2012 Hall-Of-Fame and Old Timers Day

Tri-State honors men who made a difference
Copyright Timothy Gaffney  Rep-American, Litchfield County Sports   6/4/2012
Between the eight of them, they represented over 40 years of players who took the field; an umpire who called the games; and a guy who told hundreds of stories of what went on in the Tri-State Baseball League.
On a stupendously brilliant Sunday afternoon in Litchfield, eight new members where inducted into the Tri-State Hall of Fame. Geoff Marchant, Fred Bunnell, Don Rhynhart, Jim Shove, Mark Murphy, Rick Wilson, Rich Blazek and Bob Clinch were honored for their contributions on and off the field in a ceremony as good as any you will find in the area.
League commissioner Ed Gadomski has turned this league around over the last nine plus years, making it a model for summer baseball programs in the area. “We have worked hard to make this league what it is today,” Gadomski said. “Every one of these teams holds the league’s reputation in high regard. It is no longer a beer league.” With the smell of hot dogs and hamburgers in the air, it looked and felt like what Abner Doubleday had in mind when baseball was born. Generations of players and their families flooded into the area as the afternoon wore on, a prelude to the buzz that will start next weekend with the running of the 36th annual Litchfield Hills Road Race.
History is never lost during these events, the league brought back two teams to play in an Old Timers Game that was to be followed by a regular season match up between Amenia and Litchfield. Gadomski brought in a special guest, Gilbert Black, a member of the 1956 Indianapolis Clowns of the Negro Leagues. Black brought with him a stockpile of memorabilia, including pictures and uniforms he wore back in his day. As a child, he grew up near the Polo Grounds and made getting into the grand old stadium a regular occurrence. His first game featured a couple of well known players named Williams and DiMaggio, and he was in the building when the New York Giants and Bobby Thompson clinched the National League title over the Brooklyn Dodgers. The names of players Black played with or against is impressive: Willie Mays, Henry Aaron, Choo Choo Coleman, Roberto Clemente, Roy Campanella, Robin Roberts and Jackie Robinson were part of a much larger list.

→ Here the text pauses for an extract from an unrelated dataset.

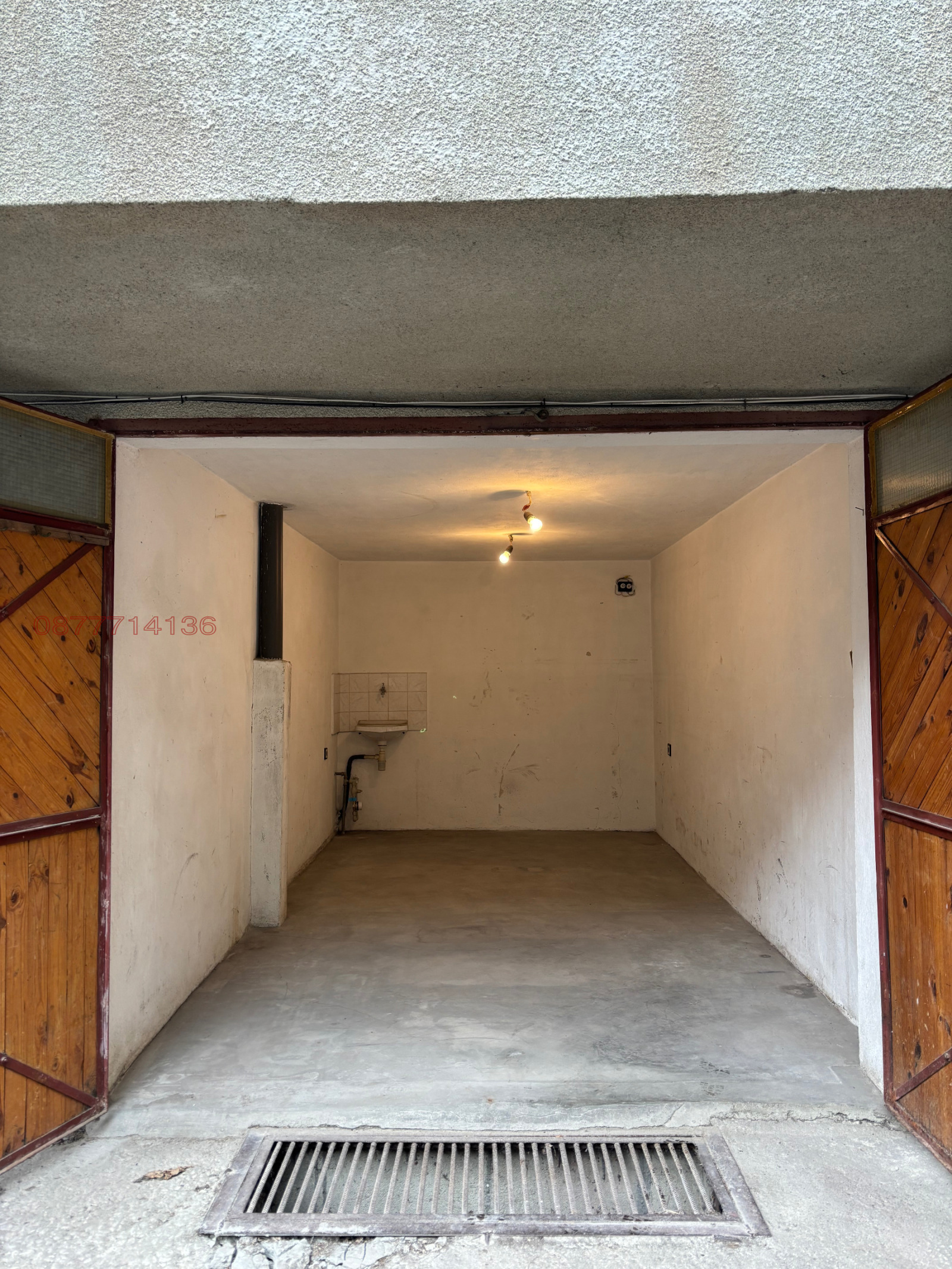 Дава под наем ГАРАЖ, ПАРКОМЯСТО, гр. Варна, Колхозен пазар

The names of the players inducted have been regular family names in the local sports scene forever. Each helped lay a brick in a league that went from a low of six teams not that long ago to a healthy number of 18 today. Shove was honored for his time calling the game as an umpire for numerous seasons and was the kind of umpire teams would request, he was that good and that fair. Wilson, who simply loves telling stories about the people who play the games, is the third sports writer to be honored by the league. He joins Litchfield’s own John McKenna and Torrington legend Peter Wallace, great company indeed.
“Without those guys giving us the coverage, we don’t continue to grow.” Gadomski said. “Their dedication and passion for telling the stories of the games and about the people who play them has meant so much to us over the years.” Wilson, whose first pitch had enough power on it to land it somewhere near the Green in Litchfield, was both honored and humbled by the induction. “It’s always flattering to be recognized by your peers for something you love to do,” Wilson said. “When Eddie called me back in February I was shocked. It is a proud day that is also very humbling.”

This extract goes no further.